Jeremy Junginger of Cisco gave an enlightening and entertaining talk entitled Threat Actor Techniques. He discussed the ‘workflow’ of an attack, detailing how an attacker can use an initial foothold to gain further privileges. Based on a real-world scenario, Jeremy’s hands-on demonstration of privilege escalation gave the audience a unique (yet somewhat chilling) insight into how simple, everyday choices made by system and security administrators can quickly lead to the complete takeover of an otherwise locked-down system.
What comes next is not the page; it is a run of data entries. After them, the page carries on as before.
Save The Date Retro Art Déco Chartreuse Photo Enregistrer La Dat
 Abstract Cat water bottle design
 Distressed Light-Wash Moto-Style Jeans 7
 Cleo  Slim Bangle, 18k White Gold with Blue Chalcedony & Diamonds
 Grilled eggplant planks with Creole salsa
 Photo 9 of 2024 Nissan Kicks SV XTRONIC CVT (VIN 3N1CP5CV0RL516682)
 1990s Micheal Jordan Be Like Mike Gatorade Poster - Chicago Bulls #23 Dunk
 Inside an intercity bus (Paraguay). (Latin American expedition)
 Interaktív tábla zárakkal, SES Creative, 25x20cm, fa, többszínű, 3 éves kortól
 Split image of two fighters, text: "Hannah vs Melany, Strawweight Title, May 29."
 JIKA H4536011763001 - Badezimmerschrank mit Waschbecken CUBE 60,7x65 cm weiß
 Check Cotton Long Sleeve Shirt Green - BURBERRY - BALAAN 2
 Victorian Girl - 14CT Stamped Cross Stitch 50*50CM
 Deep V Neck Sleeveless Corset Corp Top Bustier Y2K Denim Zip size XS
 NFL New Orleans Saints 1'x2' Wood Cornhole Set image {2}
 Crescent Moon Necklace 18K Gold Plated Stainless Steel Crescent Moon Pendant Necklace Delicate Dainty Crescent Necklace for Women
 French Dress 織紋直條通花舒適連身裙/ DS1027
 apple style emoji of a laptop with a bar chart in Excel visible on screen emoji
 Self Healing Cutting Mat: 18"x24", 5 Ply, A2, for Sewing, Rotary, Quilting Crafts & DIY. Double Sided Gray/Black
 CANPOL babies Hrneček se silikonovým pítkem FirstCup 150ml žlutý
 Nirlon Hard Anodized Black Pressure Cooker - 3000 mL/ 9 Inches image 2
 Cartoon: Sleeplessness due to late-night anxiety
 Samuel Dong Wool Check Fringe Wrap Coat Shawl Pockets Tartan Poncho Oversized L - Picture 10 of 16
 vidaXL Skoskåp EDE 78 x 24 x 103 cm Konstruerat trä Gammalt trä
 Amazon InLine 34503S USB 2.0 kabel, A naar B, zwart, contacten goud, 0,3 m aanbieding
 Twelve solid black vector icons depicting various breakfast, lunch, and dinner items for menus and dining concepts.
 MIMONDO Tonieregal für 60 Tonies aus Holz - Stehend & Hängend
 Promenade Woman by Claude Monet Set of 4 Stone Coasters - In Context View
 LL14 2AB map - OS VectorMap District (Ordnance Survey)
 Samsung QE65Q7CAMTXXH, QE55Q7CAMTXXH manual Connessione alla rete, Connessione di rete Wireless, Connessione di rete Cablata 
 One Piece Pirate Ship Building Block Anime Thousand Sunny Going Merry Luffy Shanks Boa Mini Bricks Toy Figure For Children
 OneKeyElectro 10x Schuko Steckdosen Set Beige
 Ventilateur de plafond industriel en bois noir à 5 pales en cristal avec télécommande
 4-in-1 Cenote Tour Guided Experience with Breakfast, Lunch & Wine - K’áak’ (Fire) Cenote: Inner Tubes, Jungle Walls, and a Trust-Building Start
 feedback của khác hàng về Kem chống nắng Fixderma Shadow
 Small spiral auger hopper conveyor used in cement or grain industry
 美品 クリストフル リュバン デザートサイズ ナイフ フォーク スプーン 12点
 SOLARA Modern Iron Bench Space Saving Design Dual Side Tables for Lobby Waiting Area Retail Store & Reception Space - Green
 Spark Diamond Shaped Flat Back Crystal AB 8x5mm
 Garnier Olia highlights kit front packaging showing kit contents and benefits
Emphasising the value of ‘lateral movement’ within a compromised network, Jeremy quickly directed his attack around standard defences rather than through them, eventually leading to a compromise of administrator credentials and exfiltration of arbitrary data within the short timeframe of the presentation; free of the obligation to present and explain, the attack could have been successful in under 10 earth minutes.

Begijnhof

By contrast. Dave Jones, also from Cisco, gave a presentation on mitigating attacks that target administrator or ‘root’ credentials. This followed on neatly from his talk at the Bangkok FIRST conference. Dave focused on the application of two-factor and multi-factor security and how widely it can, and arguably must, be deployed in order to preserve the sanctity of administrative privilege. Whilst many of the techniques presented should not be new information to most security professionals, few of us can truly claim to follow all of them as rigorously as we should and being reminded to keep our house in order is no bad thing!

Henry Stern of Farsight gave an interesting talk about DNStap, a tool which allows for efficient logging of DNS transactions without the need for packet capture. The capturing stage of traditional DNS monitoring has always proven the most resource-intensive, as many of the system functions involved are fundamentally blocking in nature. DNS logging at gigabit line speeds is challenging enough, and traditional approaches simply do not scale efficiently enough once the 10G barrier is breached. DNStap achieves its goals of efficient DNS logging by integrating directly with the DNS architecture itself, bypassing the need to create and analyse intermediate packet captures; this approach supports many common implementations and may represent the future standard approach to the hard-problems of tracking and monitoring malicious domains, such as the ‘fast-flux’ algorithms employed by the Gameover-ZeuS malware networks.

Seth Hanford, also of Cisco, talked about CVSS (Common Vulnerability Scoring System) version 3. Classification of vulnerabilities may not feature in most security professional’s top ten most interesting subjects, but every single vulnerability report and security bulletin you read will refer to that standard CVSS number somewhere in the reference trail. The integrity and relevance of the CVSS system has kept it in regular use by the entire IT industry for over a decade; having a standard way to quickly assess the severity of a given vulnerability is very valuable and something which OxCERT regularly make use of.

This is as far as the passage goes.